Now - it's entirely possible that this is simply a case of hackers vs. white-hats and hackers win... that happens; but I want an investigation that is *public* to determine cause... and IF the cause is determined to be anything other than "they did the best they could, but still got nailed" then management, from the CISO up, goes to the Federal Pen.... period.
@Anton, I am not as pessimistic as you seem to be on this. Visa did not revoke either processor's ability to process transactions; they only took them off the CISP list of compliant service providers. It could have been much worse. This is a black eye to be sure, but not a death sentence.

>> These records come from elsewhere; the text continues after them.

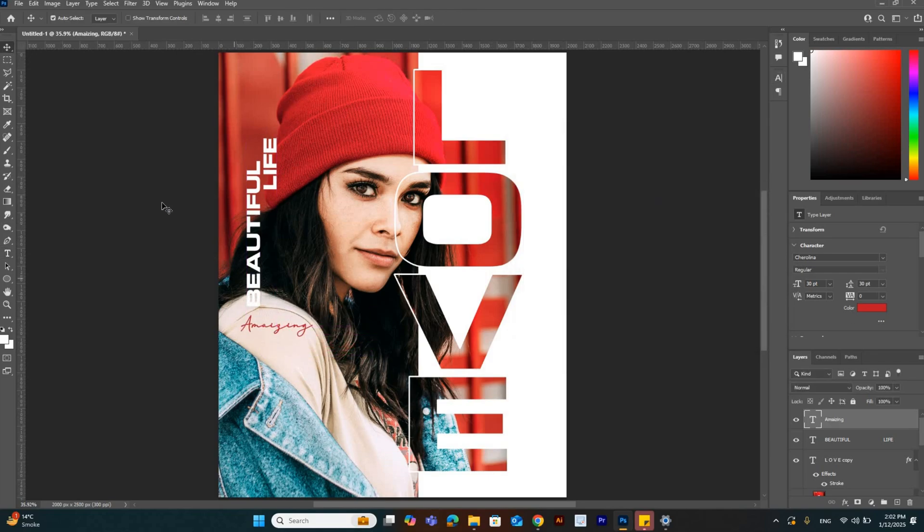Now I am going to add some circles on this poster design.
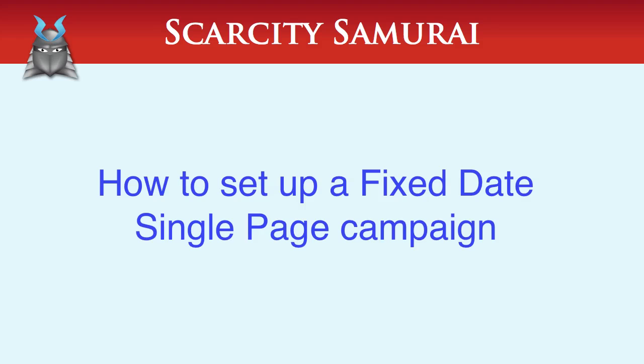In this video, I'll show you how to use Scarcity Samurai's Fixed Date Single Page Wizard to set up a campaign designed around a specific end date.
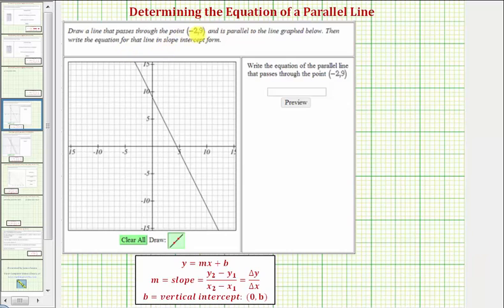We want to graph a line that passes through the point negative two, nine, and is parallel to the line graphed below. Then we're asked to write the equation for the parallel line in slope-intercept form, or the form y equals mx plus b.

My guess is both will re-certify and get back in Visa's good graces soon. I also note that none of the other brands has taken any action. Therefore, I don't see any wholesale defection of merchants. Visa didn't go nuclear on them; they could have if the situation warranted, and it doesn't seem like it did.
We're just at the beginning of this incident. What we've seen so far is before the hammers have fallen. Visa will fine them. The other brands will follow suit as usual. Lawsuits are under way, which are usually much more damaging. FTC is investigating. SEC is informally investigating. Those are some huge hammers and the news for each won't be overshadowed by an inauguration day. Heartland is toast.
I believe the requirement for merchants to do business with PCI compliant service providers is so that when they pass along data they also pass along risk and liability. While you can argue that includes the processor, that depends on the contractual relationship. In most cases the processor has already passed this to the merchant - so it can become a bit circular.
Look at past breaches, the fines normally flow to the processor first and then the merchant. The question is who's in the front in the line of (legal) fire.
Well, I am not "pessimistic" either; the chances of it being "TJX 2.0" rather than "CardSystems 2.0" are pretty high indeed...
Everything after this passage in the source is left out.